Since Lorenz discovered chaos in a third-order ordinary differential equations, a new field of science has been launched [1]. The fact that simple equations can exhibit incredible complex behavior continues enthrall engineers to apply chaotic systems to cryptosystem, secure communication, spread spectrum communication, etc. [2].

There is no doubt that nonlinear term is very important to design chaotic systems, which has peculiar complex properties such as ergodicity, highly initial value sensitivity, non-periodicity and long-term unpredictability. According to the literature, the nonlinearities can be piecewise nonlinear function [3], trigonometric function [4], absolute value function [5], or power function [6]. With different nonlinearities, the chaotic system can have various strange attractors as single-scroll [7], double-scroll [8], multi-scroll [9], etc. The majority of such chaotic systems are known for many years, and some chaotic systems with hidden attractors are derived from them [10, 11, 12].
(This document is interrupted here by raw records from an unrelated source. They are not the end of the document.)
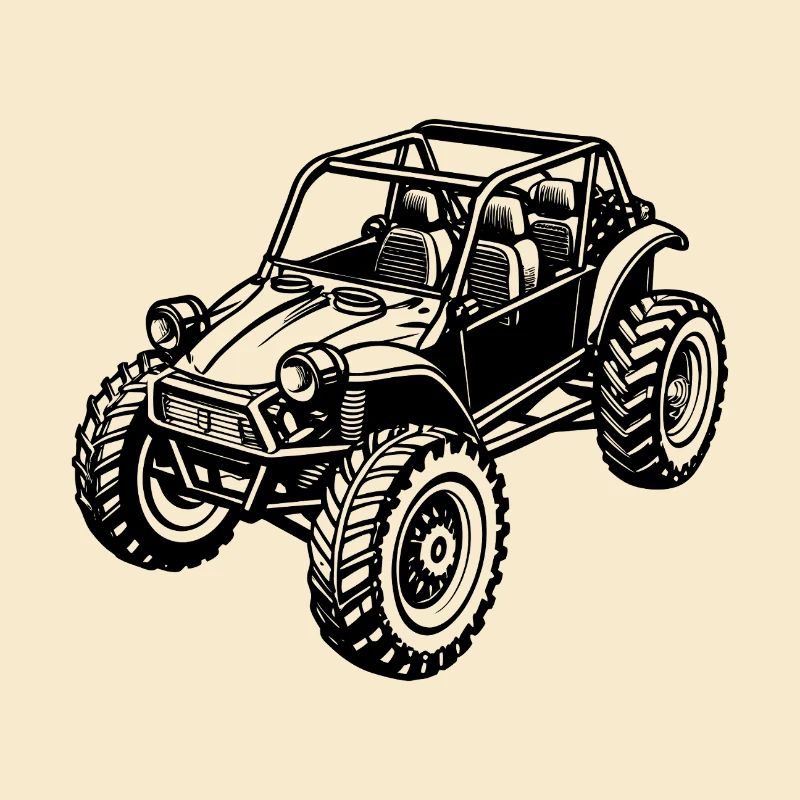 Off-road buggy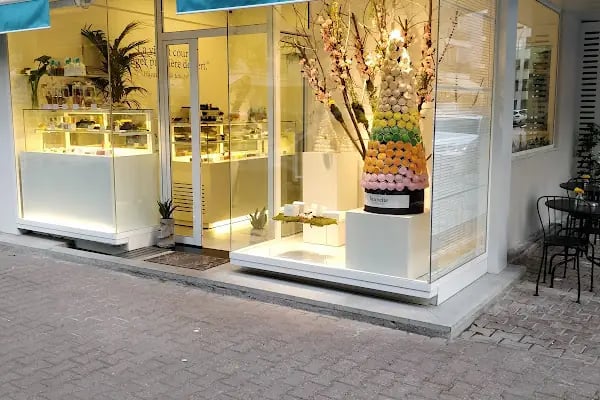 Brunette Patisserie - Resim 2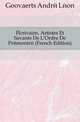 Ecrivains, Artistes Et Savants De L'Ordre De Premontre (French Edition), Goovaerts Andre Leon 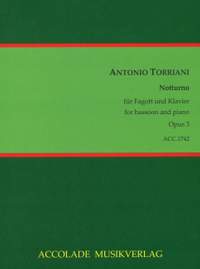 Antonio Torriani: Notturno op. 3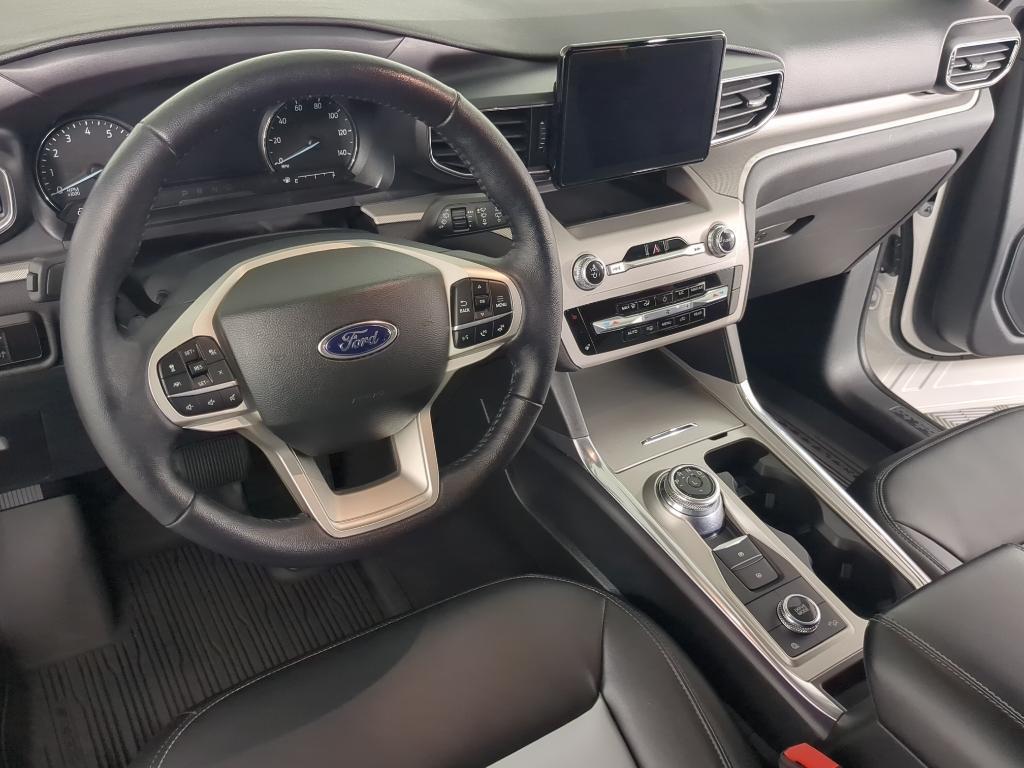 used 2023 Ford Explorer car, priced at $31,969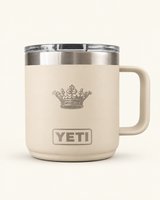 Taza térmica YETI con asa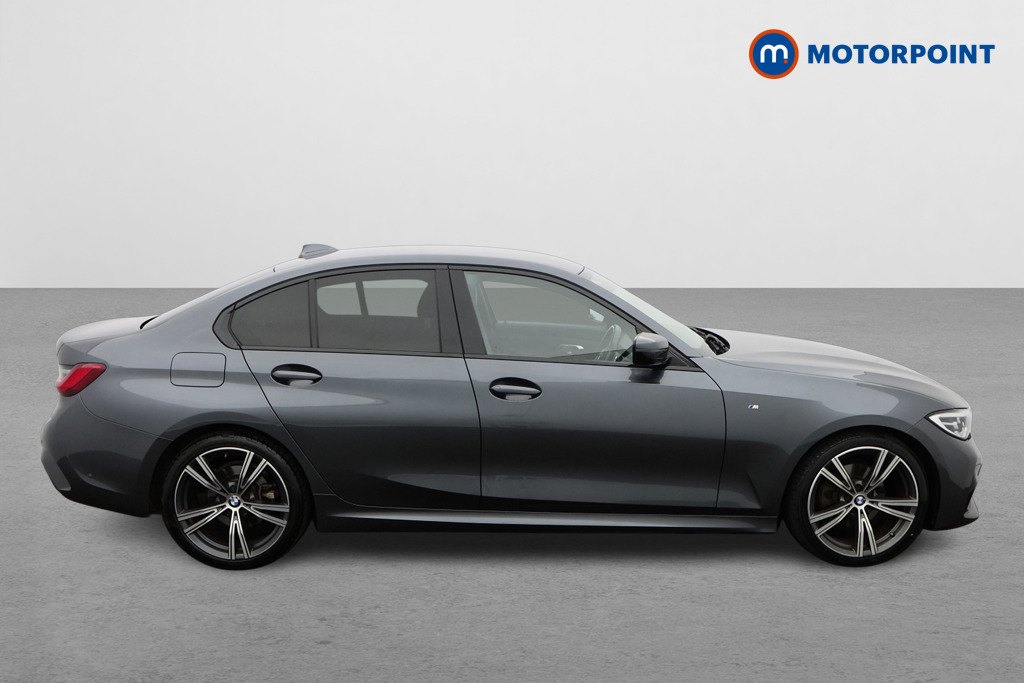 BMW 3 Series M Sport Automatic Diesel Saloon - Stock Number (1564199) - Drivers side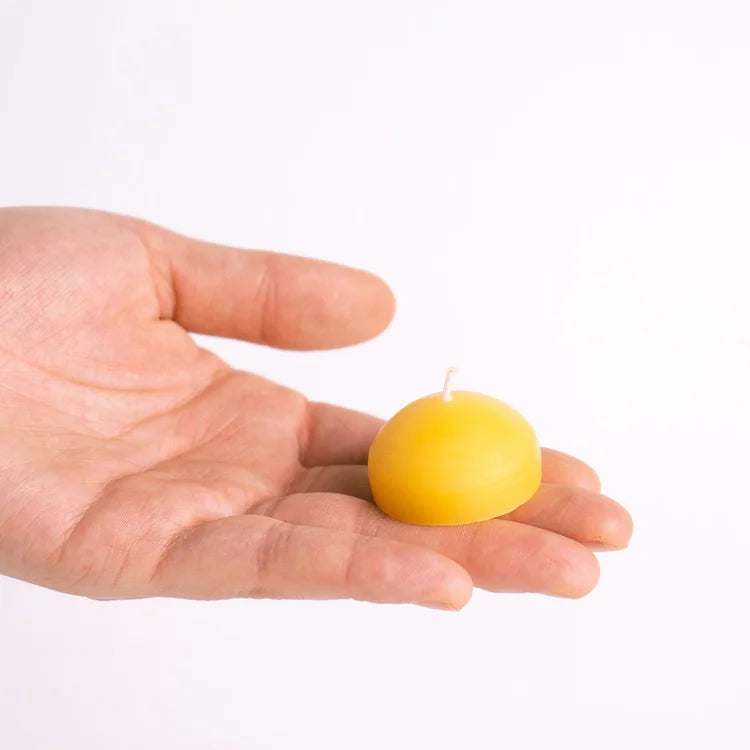 Extra Yolk Candle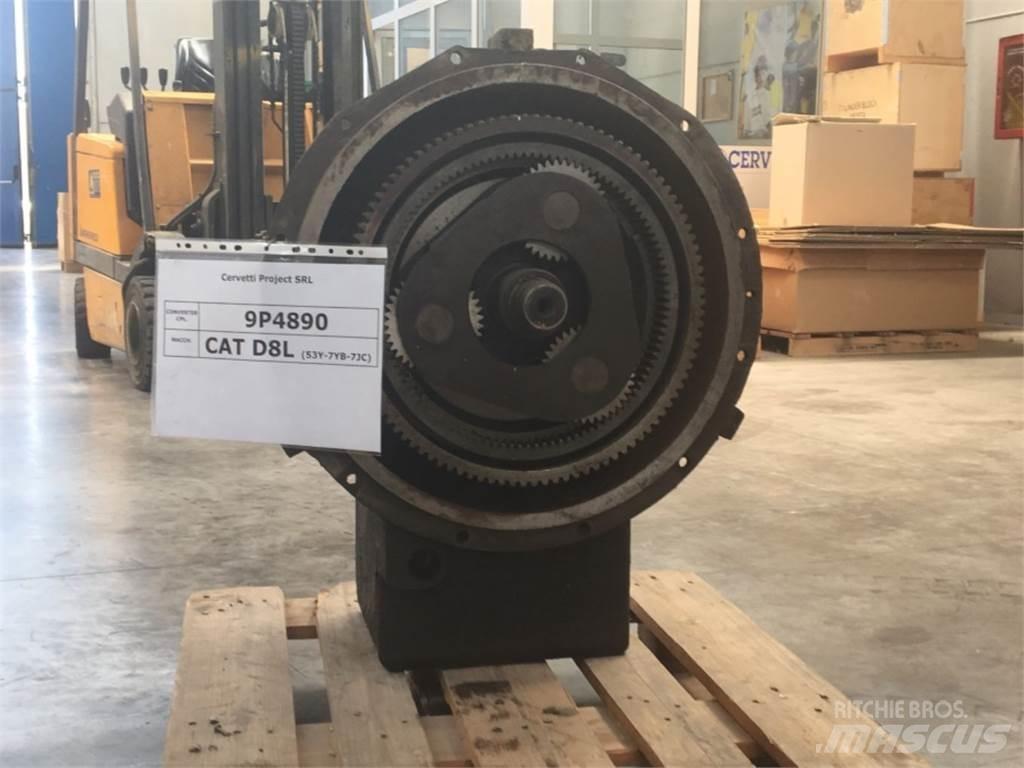 CAT  D8L Diger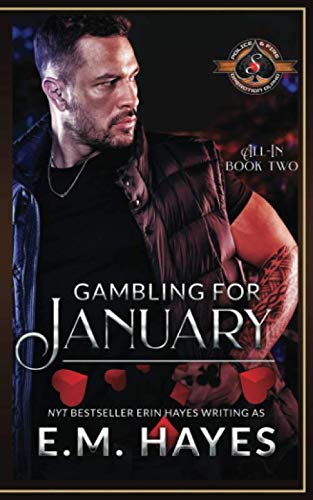 Gambling for January book cover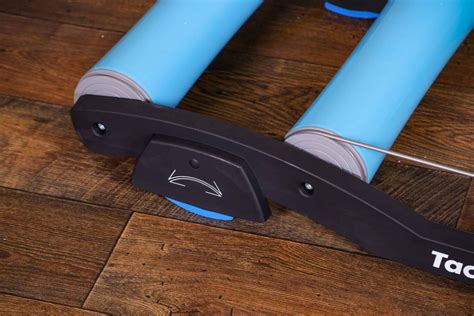 review tacx galaxia advanced roller trainer roadcc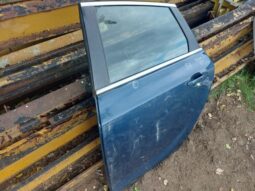 
										OPEL Bal hátsó Ajtó (Részeivel) full									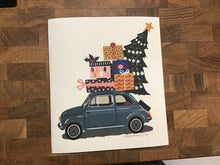 Load image into Gallery viewer, Graphic Swedish Dishcloth - Limited Edition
In recent years, chaotic systems with hyperbolic sine nonlinearities have gained the interest of many researchers. With two back-to-back diodes to approximate the hyperbolic sine nonlinearity, these chaotic systems can achieve simplicity of the electrical circuit without any multiplier or sub-circuits. Compared to single-scroll chaotic systems, the chaotic system with hyperbolic sine nonlinearity has richer dynamic behavior because it is symmetrical and can exhibit symmetry breaking, and offers the possibility that attractors will split or merge as some bifurcation parameter is changed [13].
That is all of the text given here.